Researchers at a German security firm have discovered that hackers stole a database containing personal information belonging to more than 19 million California voters — approximately the state’s entire electorate — and demanded a ransom in bitcoin. [International Business Times]
The database, an Amazon Web Services file at least 4GB in size, contained voter records with full names, addresses, phone numbers, dates of birth and voting precincts. The database, however, did not appear to contain Social Security numbers or any financial information, according to the Kromtech Security Center.
Earlier this year, Kromtech collected samples from the database while scanning thousands of servers that had become publicly available because of misconfigurations. Researchers say that by the time they started examining the sample, cyber criminals had hijacked the original database. That made it impossible to identify the original owner, according to Kromtech.
Kromtech researchers discovered a ransom note demanding .2 bitcoin, which is worth approximately $3,500 at the current value of the digital currency.
“Your DataBase is downloaded and backed up on our secured servers,” the note states. “To recover your lost data: Send .2 BTC to our BitCoin Address and Contact us by email with your MongoDB server IP Address and a Proof of Payment. Any email without your MongoDB server IP Address and a Proof of Payment together will be ignored. You are welcome!”
The voter data hack is believed to be part of a wave of ransom attacks targeting vulnerable and public-facing databases.
Kromtech researchers additionally discovered a second, larger unsecured database that contained 409 million records, which included voting district information with county codes and registrant ID numbers. Researchers theorized the second database is a complete collection of all California voter registration records.
The California Secretary of State’s Office responded to the discovery by telling Kromtech it is “looking into it.”
Bob Diachenko, Krmotech’s head of communications, said the data breach is a wake up call for Californians.
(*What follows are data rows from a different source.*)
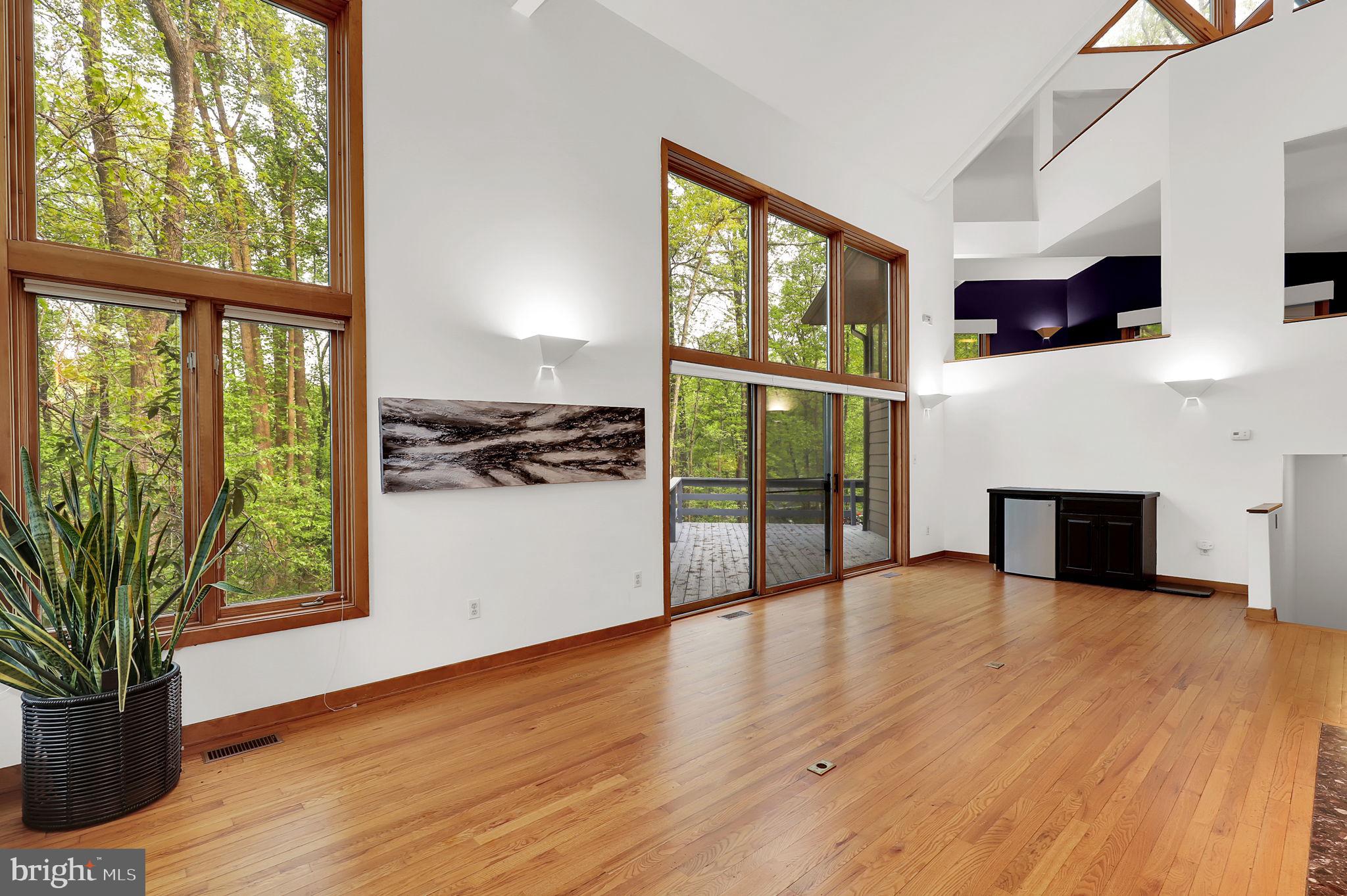 BRIAR HILL - Residential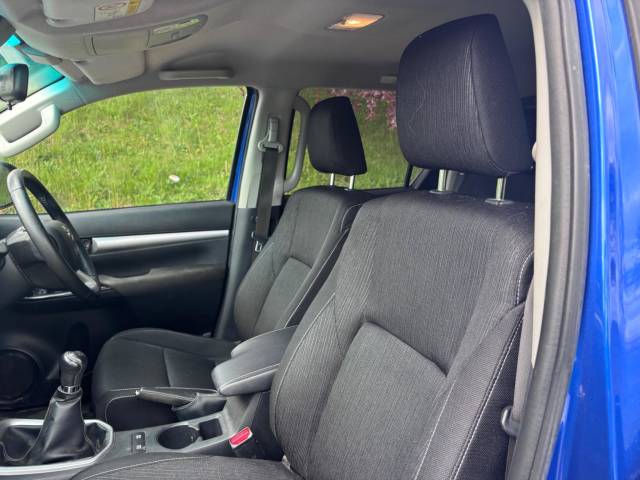 2019 Toyota Hilux Invincible D/Cab Pick Up 2.4 D-4D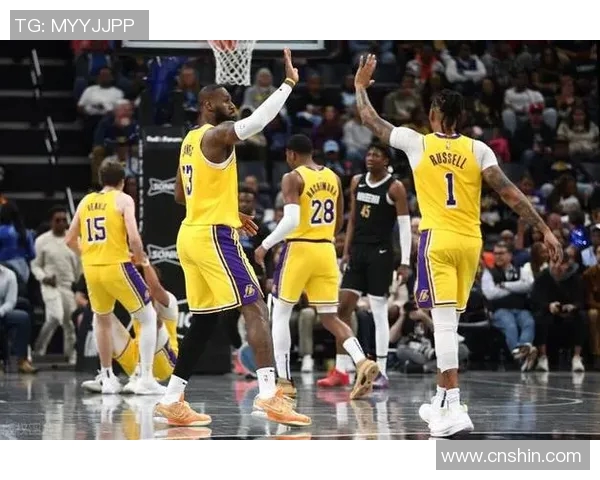 湖人对阵篮网精彩比分直播全程追踪与赛况分析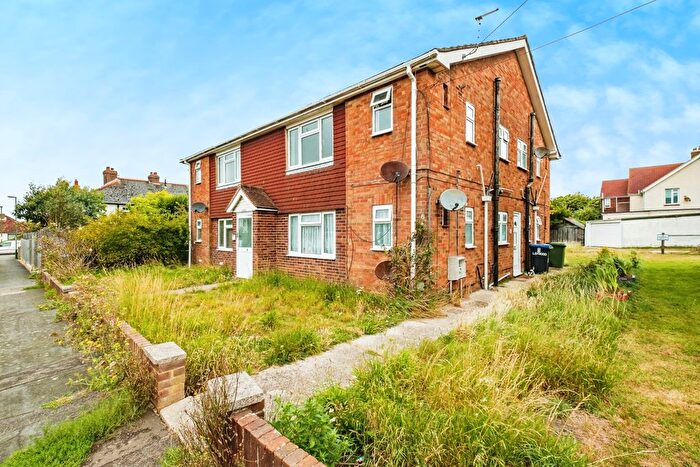 1 Bedroom Flat For Sale In Middle Road, Lancing, West Sussex, BN15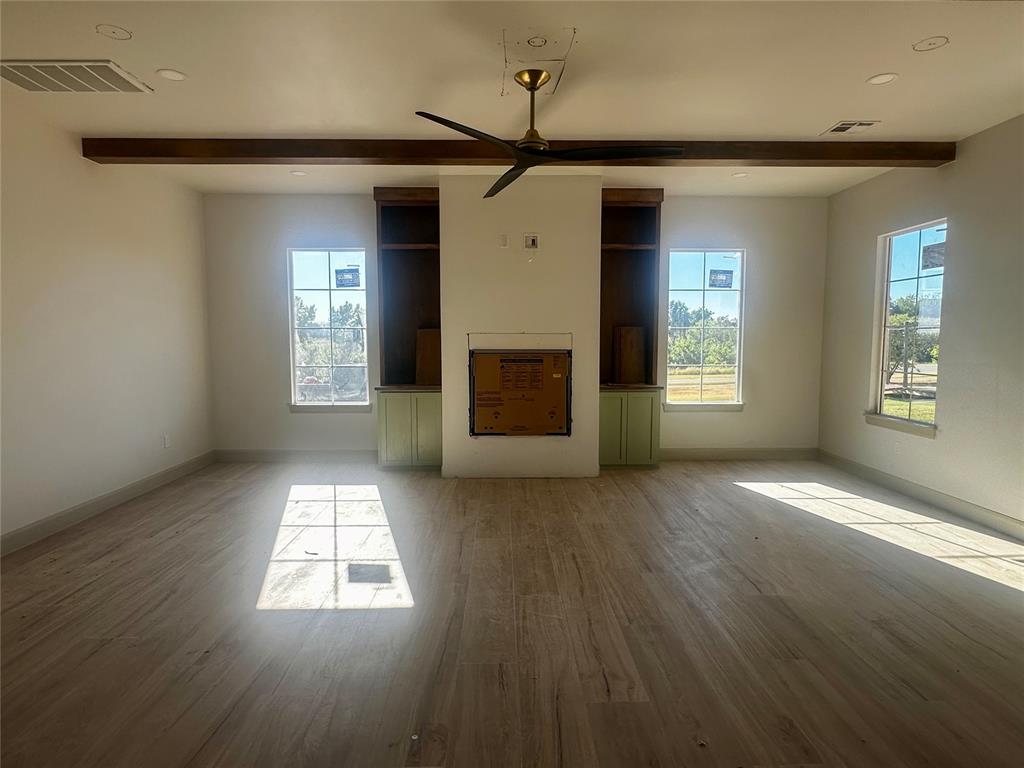 18436 Boardwalk Crossing Property Photo 5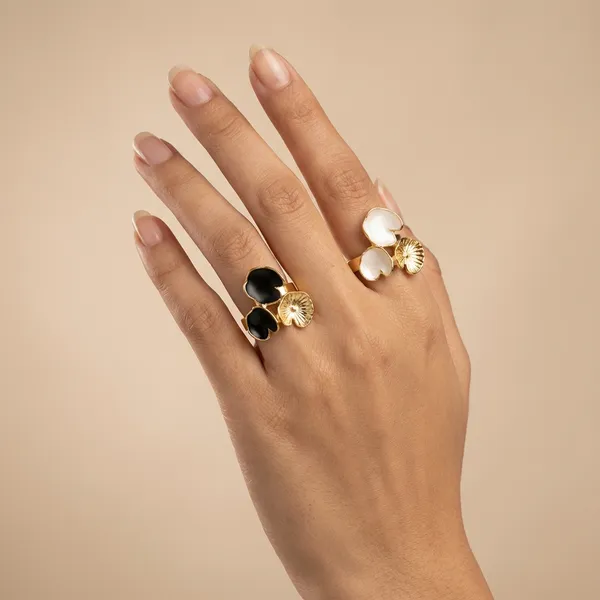 Gold_Alloy_And_Metal_Premium_Finger_Ring_For_Women_And_Girls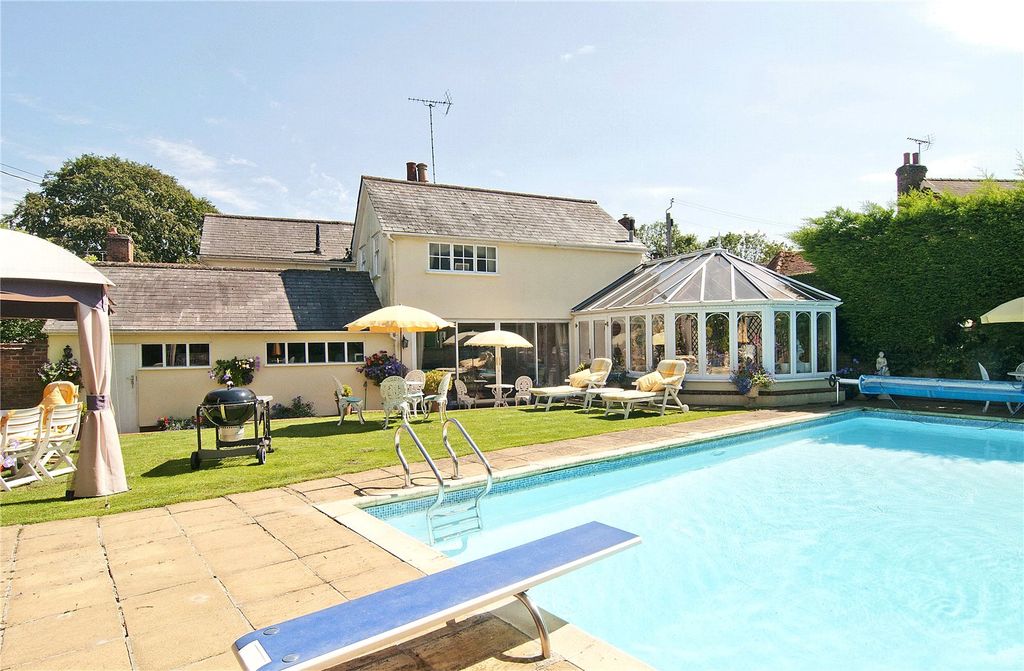 Property photo 1 of 9 Pool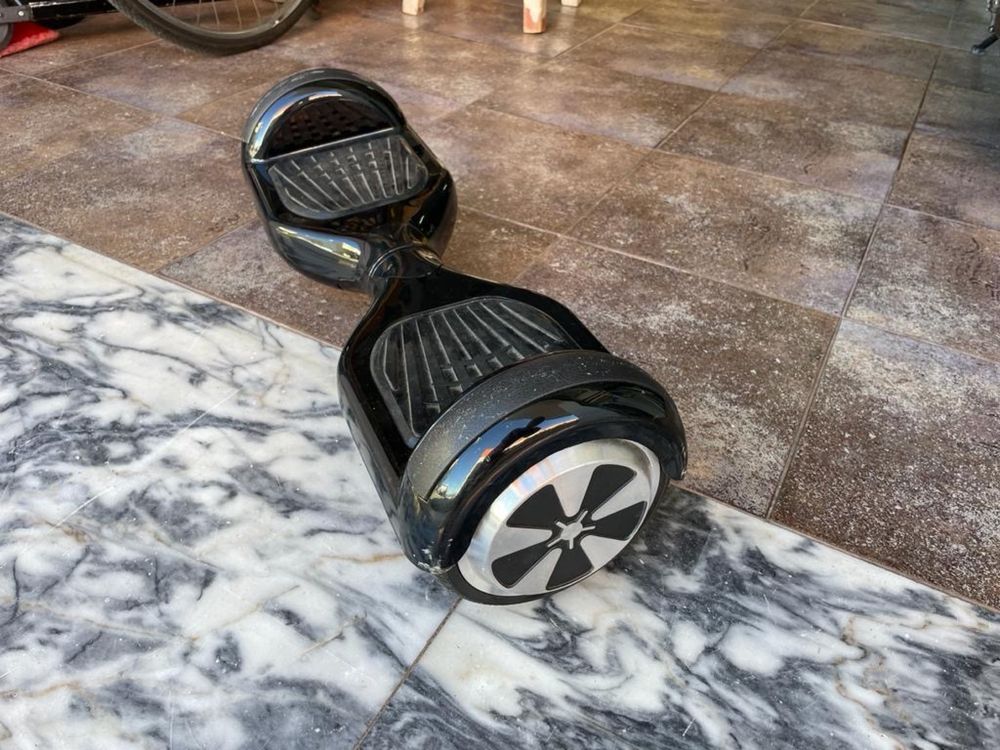 Hoverboard com carregador e capa.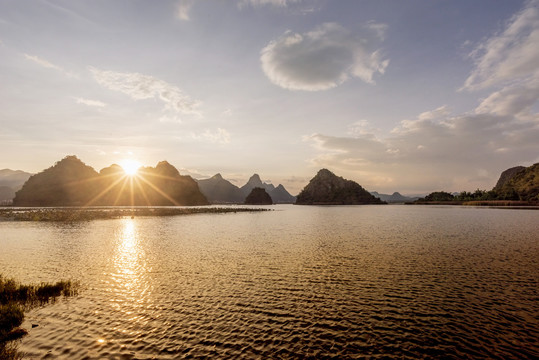 普者黑山峦夕阳光芒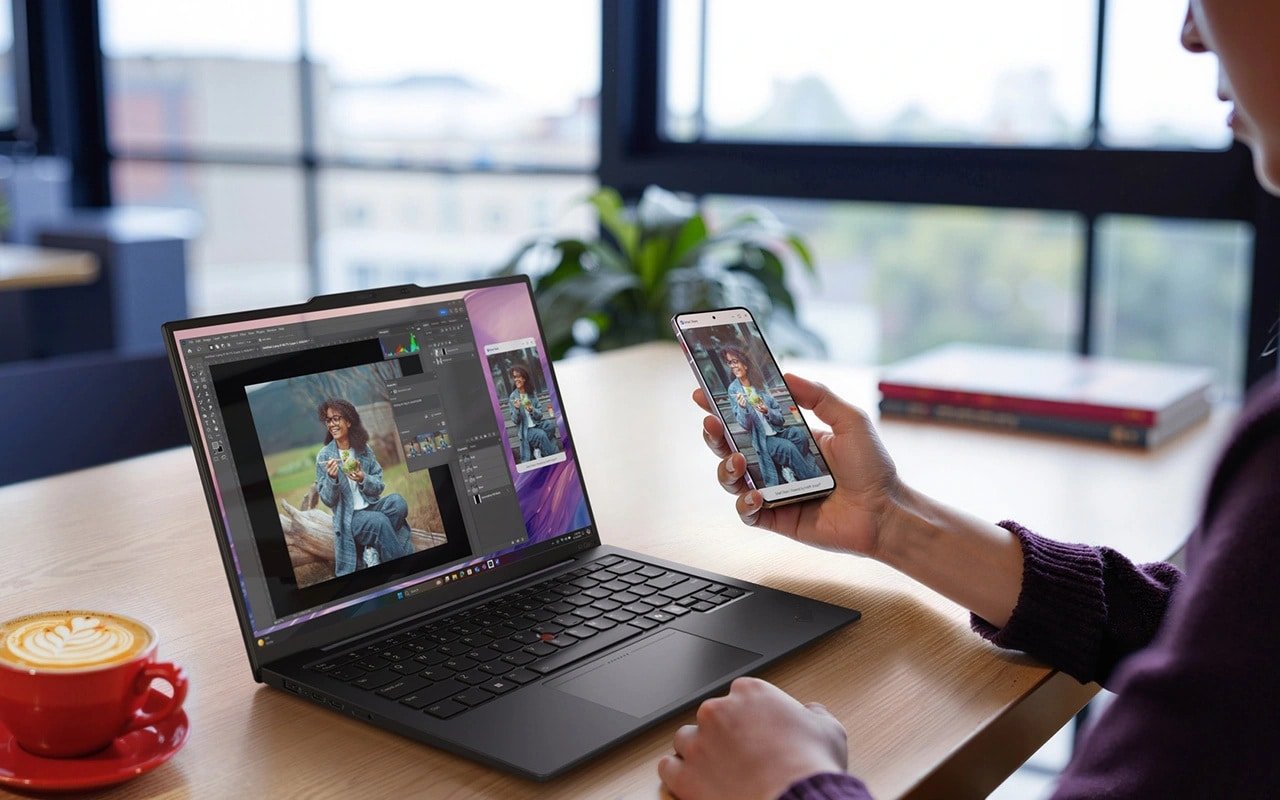 Smart Share lets you just tap your phone to connect to the Lenovo ThinkPad X1 Carbon Gen 13 Aura Edition laptop, then share files, edit & even send text messages from your PC.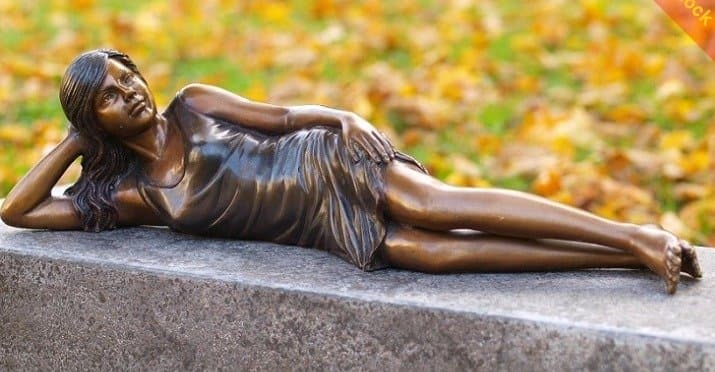 Laying Girl — Bronzartes luxury furniture at Gloria, Iraq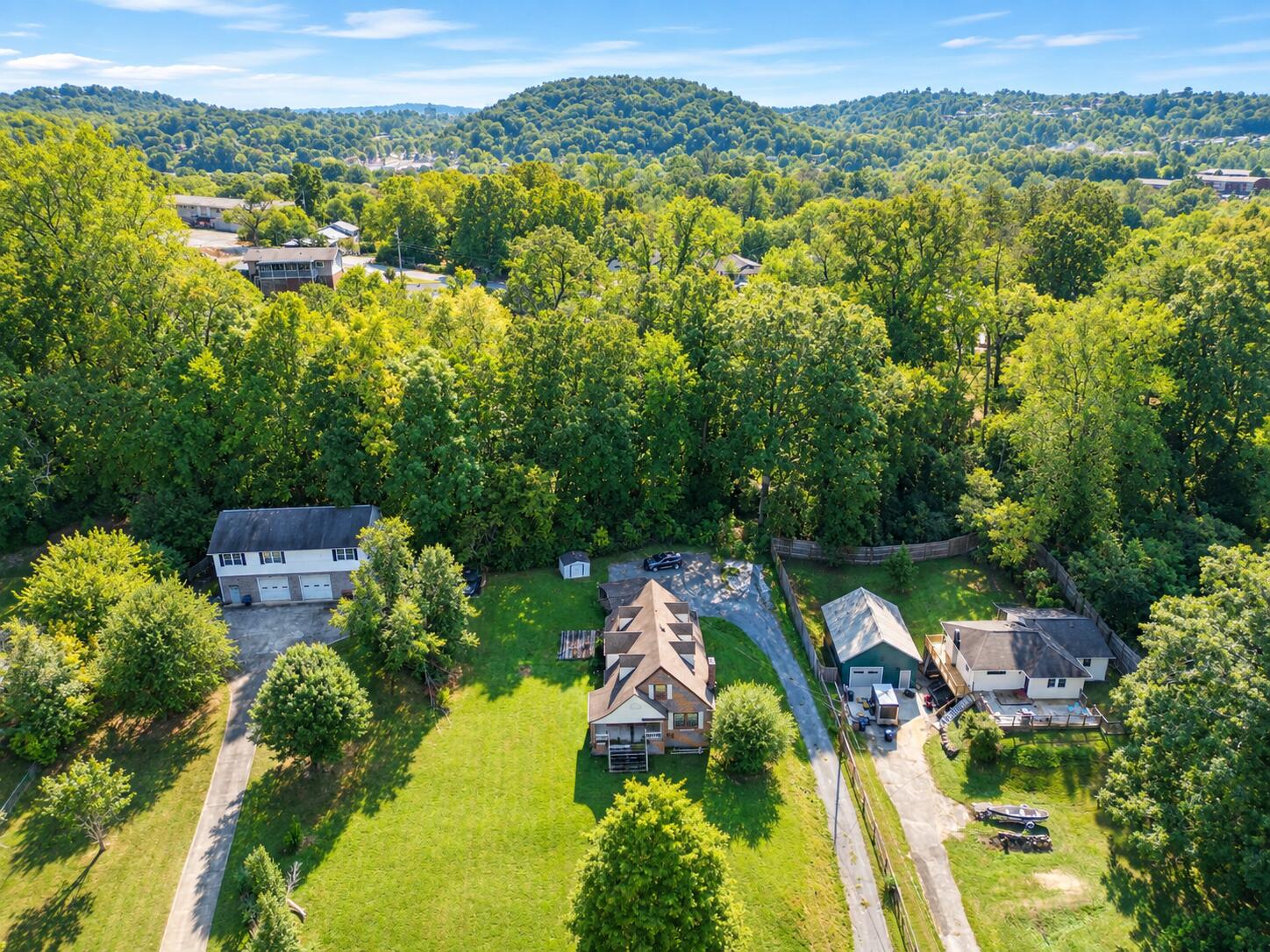 525 Hedgewood Drive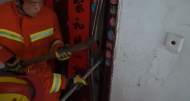 滁州2歲孩子被反鎖家中 消防員破拆房門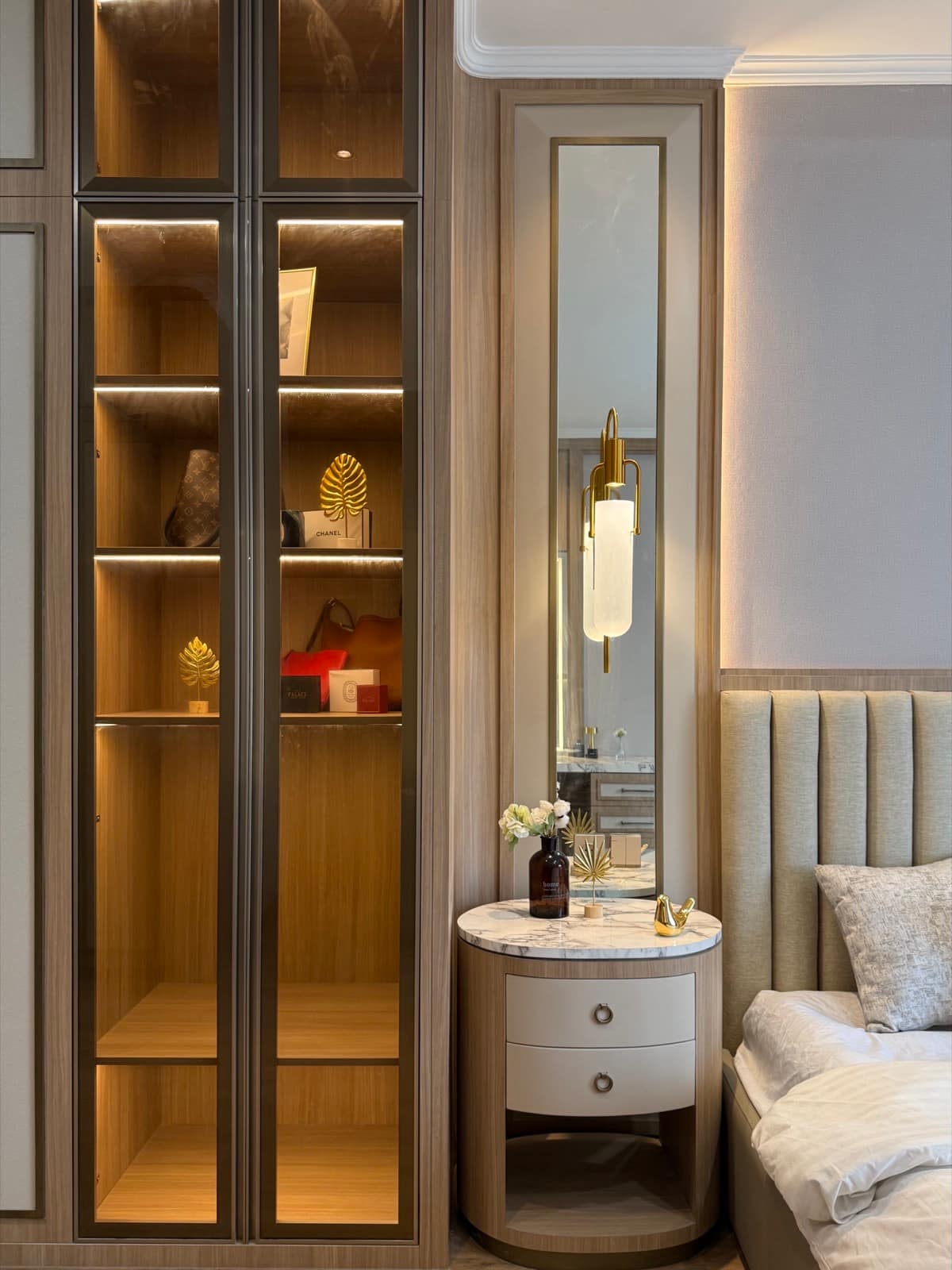 Buaran interior photograph 2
“This is a massive amount of data and a wake up call for millions of citizens of California who have done nothing more than fulfill the civic duty to vote,” Diachenko said. “This discovery highlights how a simple human error of failing to enact the basic security measures can result in a serious risk to stored data. The MongoDB was left publicly available and was later discovered by cyber criminals who seemed to steal the data, which origin is still unknown.”